Rien de neuf non plus chez Stocastic, et la voix de Salvador était rien moins qu'amène. Personnettaz l'informa de son projet de visite à Jouve, ce qui ne présentait guère d'autre intérêt que celui d'avoir l'air actif. Très bien, dit Salvador sans enthousiasme, eh bien vous me tenez au courant. Ah, je crois que Donatienne veut vous parler, je vous la passe. Non, dit trop tard Personnettaz, non. Qu'est-ce que j'entends, fit Donatienne, vous voyez Jouve demain ? Je vous accompagne. C'est inutile, dit Personnettaz, je crois vraiment que c'est inutile, je peux très bien me débrouiller seul. Non, fit Donatienne gravement, vous avez besoin de moi, vous le savez. A demain.
Puis elle reprend sa place en riant devant son clavier, attendant que l'autre se remette à dicter. Mais pour l'instant l'autre se tait. Il se tient assis. Son visage est fermé. Il réfléchit. Il n'a pas le moral. Il est venu au bureau à pied depuis la Nation. Passant au pied d'une des colonnes qui ornent cette place, l'idée de se retrouver trente mètres cinquante au-dessus du sol, à la place de Philippe Auguste, a brutalement fait resurgir son vertige. Le voici non loin de la nausée.

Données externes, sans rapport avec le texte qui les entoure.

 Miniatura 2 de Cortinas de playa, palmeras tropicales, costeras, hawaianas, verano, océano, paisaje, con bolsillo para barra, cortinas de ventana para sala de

Puis Salvador ne réfléchit même plus. Il considère, venu d'on ne sait où, un moucheron qui circule également à pied sur son bureau, contourne paisiblement l'ordinateur et la boîte à crayons, slalome entre les disquettes, l'eau minérale et le tube d'aspirine. Allant et venant entre ces accessoires, le moucheron s'arrête parfois plus longuement devant l'un d'eux, paraît le détailler, revient sur ses pas puis repart, touriste parmi les monuments. La contemplation de cet insecte inspire à Salvador quelques pensées consolatrices ; tout ça n'est pas si grave ; j'aurais pu finir, à Manille, vendeur de cigarettes à l'unité. Il se remet à réfléchir. Reprenons, dit-il, note. Grandes blondes chaudes et grandes blondes froides, deuxième partie.
Donc il existe aussi de grandes blondes froides aux paroles mesurées, aux yeux radiographiques, aux tailleurs stricts. Elles sont peut-être plus distinguées, plus civilisées que les grandes blondes chaudes. Mais le monde, pour des raisons inverses, les redoute également. Au mieux, lunaires, elles se raidissent entre ses bras, au pire elles s'y évaporent. Elles s'exposent au risque de transparence, au péril chlorotique. Elles manifestent peu de gaieté. Eva Marie-Saint, dans le genre, est assez représentative. Il y a aussi un peu de ça chez Ingrid Bergman, par exemple.
- Chez Grace Kelly ? proposa Donatienne.
- Tout à fait, dit Salvador, tout à fait. Il peut y avoir un petit peu de ça chez Grace Kelly. Nous avançons.